- [EXERCISE GOAL]
Write out the entire listing below exactly as it appears, minus any pictures.

- [RAW DATA]
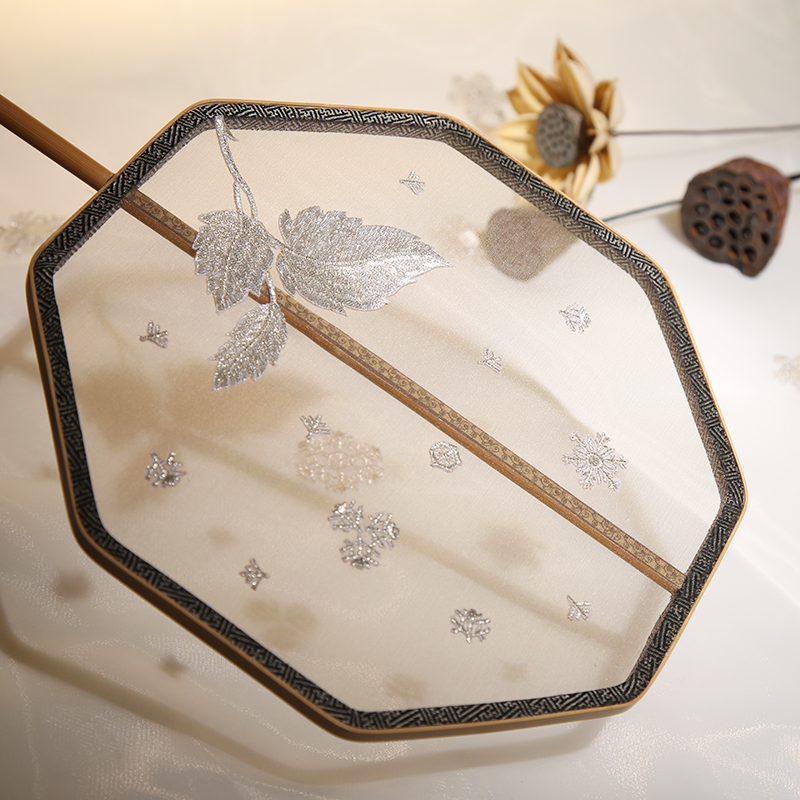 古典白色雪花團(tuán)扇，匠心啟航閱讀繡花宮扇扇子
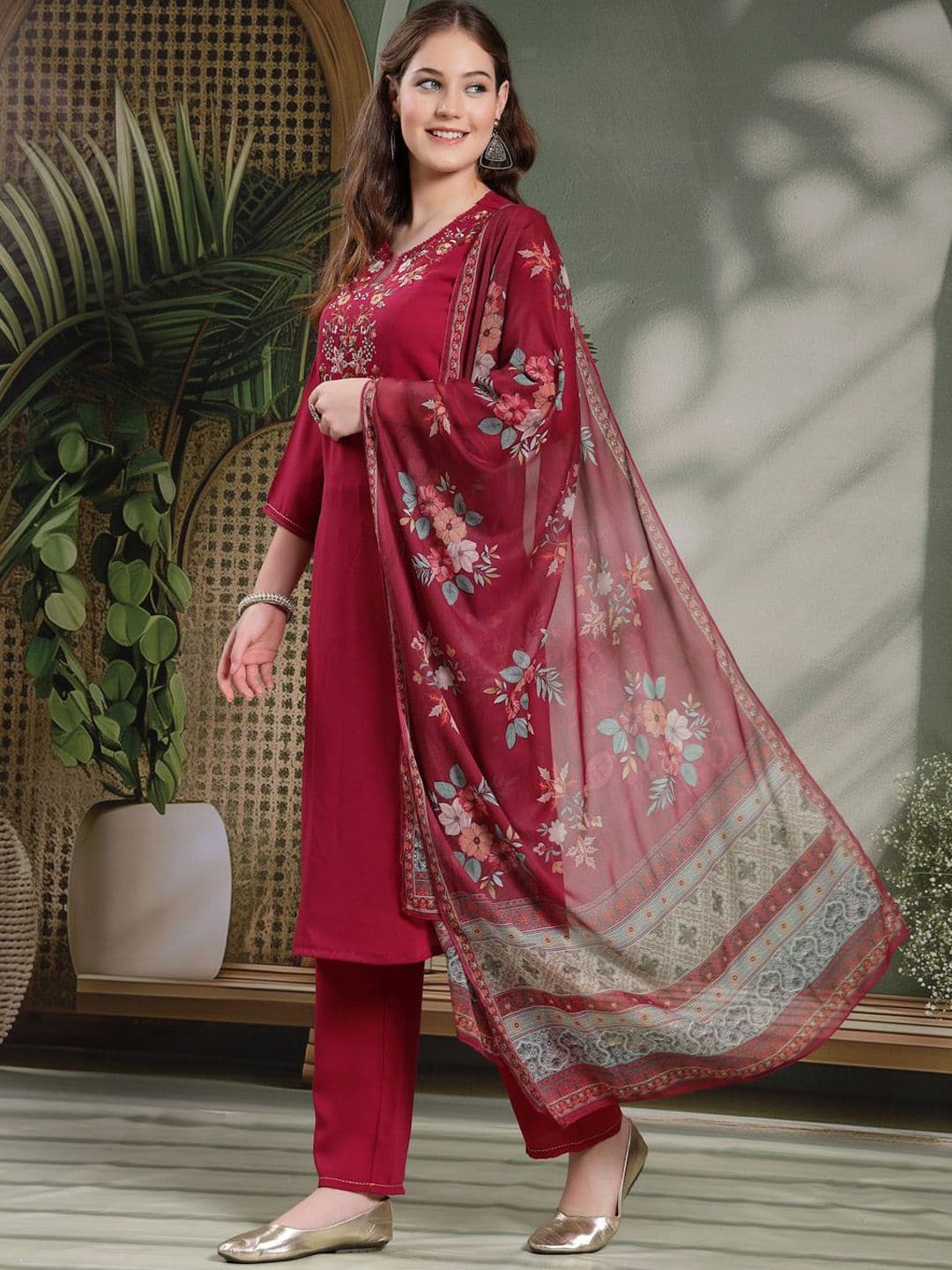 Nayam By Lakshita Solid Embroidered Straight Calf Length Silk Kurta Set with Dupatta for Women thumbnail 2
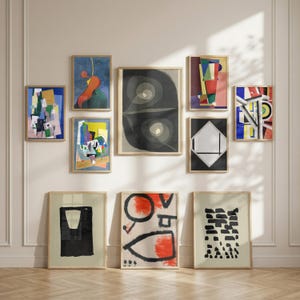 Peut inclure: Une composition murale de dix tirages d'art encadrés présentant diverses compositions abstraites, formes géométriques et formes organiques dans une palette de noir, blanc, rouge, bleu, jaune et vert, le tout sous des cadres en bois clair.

- [EXERCISE OUTPUT]
 古典白色雪花團(tuán)扇，匠心啟航閱讀繡花宮扇扇子
 Nayam By Lakshita Solid Embroidered Straight Calf Length Silk Kurta Set with Dupatta for Women thumbnail 2
 Peut inclure: Une composition murale de dix tirages d'art encadrés présentant diverses compositions abstraites, formes géométriques et formes organiques dans une palette de noir, blanc, rouge, bleu, jaune et vert, le tout sous des cadres en bois clair.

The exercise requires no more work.